Por supuesto, el desiderátum culmina con España pintándose sobre el escudo la parejita de estrellas gracias, una vez más, a medio Barça, a un técnico que pone a jugar a muchos del Barça y a algún verso suelto de calidad para desatascar el clásico partido trampa o parar el penalti en cuartos, esas minucias. Sin embargo, puede ocurrirle como a mí, que empiece entusiasmándole la idea y acabe viéndola disolverse como un pañuelo de papel en un charco de náusea sartriana. Me explico: esos siete partidos, más alguna que otra prórroga que es obligatorio disputar para alzar la Copa de la Vida al cielo del Golfo, se pueden hacer muy largos para el barcelonismo.

Especialmente si el último de ellos no sirve para hacer cima del mundo, sino para que un tal Luis Suárez disfrute de otra vendetta como la que tuvo en el Atleti, Fede Valverde se consagre como tractor jefe del madridismo más terruñoso o Darwin Núñez haga la clásica de venir a joder que siempre hacen los del Liverpool... excepto cuando se enfrentan al equipo que les pinta la cara sin remedio desde 2018. Al cual, por supuesto, cualquier culé de bien espera que los reds y ese presunto, pero presuntísimo, genio del fútbol llamado Klopp tengan la mínima dignidad deportiva y profesional de eliminar a cara de perro el próximo marzo.

Además, está el asunto nada baladí de las lesiones. Si la fecha FIFA de septiembre dejó tres meses al Barça con un prejubilado y un lateral izquierdo de centrales más habituales, hincarle a la plana mayor culé, veteranos y noveles, un Mundial hasta donde pone Toledo con el tramo de la verdad de la temporada aún por delante suena, como poco, arriesgado. Si la 2022-23 del Barça, que necesita encarrilarse desde la novatada de Xavi en la Champions, se malogra porque Pedri, Ferran, Ansu o el mismo Araújo, quien se habrá chupado los mismos siete partidacos con el alma pintada en la camiseta para llegar hasta ahí, hacen catacrocker, será culpa, obvio, del capricho esos tipos del turbante tan pobres que solo tienen dinero y si acaso una final de Champions que por supuesto palmó el PSG. Pero también será el culmen de una nueva racha del ya celebérrimo gafe azulgrana.

Una mala pata con la que el Barça ya no se puede permitir coquetear, por cierto.
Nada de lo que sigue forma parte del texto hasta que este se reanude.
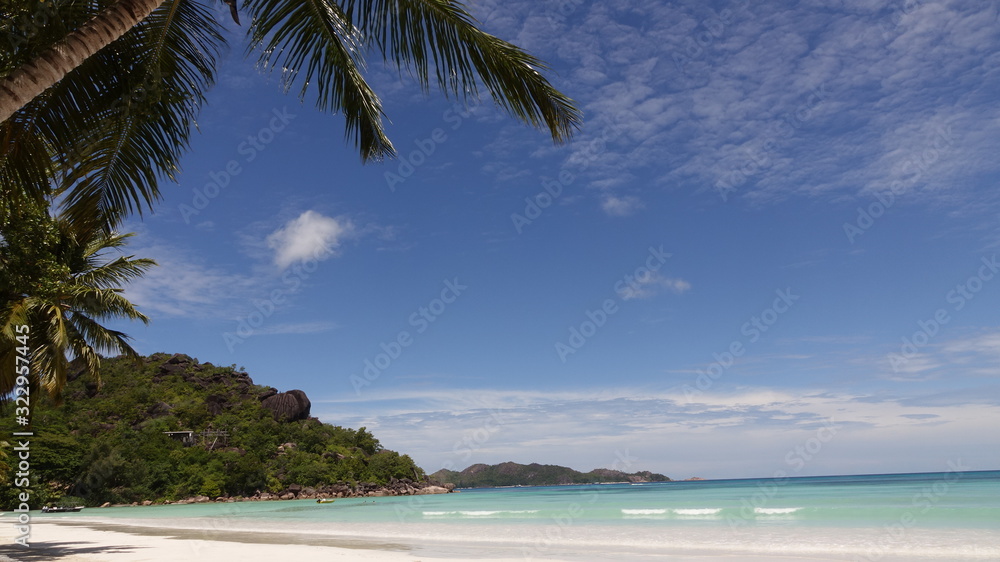 A postcard shot of a tropical secluded beach with palm trees and mountains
Que le hayan metido 3 partidos de suspensión a Lewandowski después de buscar en Google un traductor de gestos germano-polacos y cero a Carletto por decir que los árbitros que pitan al Madrid se inventan los penaltis ya deja bien claro cómo cuidan LaLiga y la Federación a su auténtico 'producto estrella': el caciquismo. Casi mejor todo menos esa final. Incluso una mítica caída en cuartos y que gane la porra el Genaro, que ha puesto campeona a Alemania porque una vez leyó aquello de "el fútbol es el deporte donde juegan once contra once y...". No le falta razón al hombre, porque nos vendieron que con el VAR esto sería otra cosa, más seria... y mira, pues no. Es lo de siempre.